National Music Centre of Canada by Allied Works Architecture
November 7, 2016
By the time the "King Eddy" closed in 2004, not much was left of its East Village neighborhood. The area was decimated, with blighted buildings and vacant lots. Cloepfil was faced with a challenge: "How do you hold the site when there's nothing there?"
Instead of looking to the urban context, AWA drew inspiration from the unique Canadian Rockies landscape just outside Calgary, particularly its hoodoos, or rock formations. Cloepfil first learned about them from Clyfford Still's paintings when he was designing the Denver museum dedicated to the artist's work. Still had painted the hoodoos near his Bow Island home in southern Alberta in the late 1930s.
Like those rocky outcrops, the 181,000-square-foot building rises five stories as a grouping of distinct earthen-colored towers, clad in dark terra-cotta tiles. Nine variously shaped volumes rest on two pieces of property, on opposite sides of a street. A 65-foot-high bridge spans just over 100 feet across the road to connect those volumes to each other, and to the completely restored King Eddy hotel, which now houses NMC's offices, recording studios, broadcast center, and spaces for artists-in-residence and pop-up performances. The bridge was also meant as a gateway to this newly revitalized area -- several condo buildings and a Snøhetta-designed library are currently under construction within blocks of Studio Bell.
Erected with steel columns and linked with transfer beams, the nine interlocking volumes -- which come together in a rectangular plan -- feature orthogonal walls at the exterior perimeter and curving walls to form the bridge and the spaces between the soaring lobby, the second-floor performance hall, and galleries that wrap around it. The architect calls these interstitial spaces "moments of silence separating the resonant vessels," but it is there that the building sings.
Cloepfil actually refers to the building as an instrument, and one of the early concept models for it resembles an odd combination of strings and percussion -- the towers as drums and the bridge as the neck of a mandolin connecting to the elliptical body of the lobby. While he was developing his initial design, Cloepfil was influenced by a performance of "Playing the Building," a 2008 sound installation where musician and artist David Byrne turned Manhattan's Battery Maritime Building into a giant musical instrument.
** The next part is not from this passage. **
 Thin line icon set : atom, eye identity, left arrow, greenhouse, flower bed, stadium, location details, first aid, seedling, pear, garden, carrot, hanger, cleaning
From the white limestone floor of NMC's main lobby, one can not only see into the open 300-seat performance hall above and across it -- its ceiling of hanging aluminum tubes arranged in wavy patterns is a striking scene -- but listen to live concerts staged on the second level. In fact, views into that theater are possible, and sounds from it audible, throughout many of the spaces in the eastern side, or museum portion, of the building, including its helical staircases, a small interior bridge opposite the theater, and dark galleries that feature end-grain oak floors and ceilings of black-painted aluminum grilles. (A moveable acoustic wall to close off the performance space when desired will be installed at a later date.)
"The artists we work with embrace this idea of performing in new and innovative spaces," says Andrew Mosker, president of NMC and the driving force behind the project, who developed the program for this building as it was being designed. To fine-tune the acoustics within the multilevel open space, AWA worked with Jaffe Holden on modulating one of the design's key features. Over 200,000 terra-cotta tiles, each 15 inches by 5¾ inches and clipped onto an aluminum frame, cover much of the building. Inside, platinum-colored tiles are spaced several inches apart in certain spots and backed with black acoustical insulation for sound absorption. (Sounds from interactive galleries and daily performances on a large theater organ from the silent movie era -- part of the institution's 2,000-piece collection of instruments, technology, and musical memorabilia -- also animate the building.) Outside, slate-colored tiles act as a rainscreen, with looser spacing at curves and in front of windows. The only weak aspect of this strategy is where the gaps between tiles are too wide at eye level, exposing their unfinished edges and backing.
The tiles are similar to the ones AWA used to clad the Museum of Arts and Design in New York, but their color is closer to that of the dark brick used at Booker T. Washington High School. Here however, the iridescent glaze -- developed after much research and testing with the centuries-old Dutch ceramists Royal Tichelaar Makkum -- glisten in the changing light, both on the exterior, and the interior, dramatized by a large skylight above the rounded edge of the atrium that splashes daylight across the swooping walls.
Cloepfil counts Louis Kahn as a major influence on his work -- several of the master architect's former employees taught at the University of Oregon, where Cloepfil received his architecture degree -- and one can't help but be reminded of Kahn, especially his citadel at Dacca in Bangladesh, when walking through Studio Bell. AWA's new building attempts to amplify the spatial experience, bringing it to another level, with a rare quality that goes beyond any classical or parametric architectural reference. Cloepfil said that one of the best things about this project is that "we got to invent an institution," but he has done more than that. With this building, he has invented a new kind of space.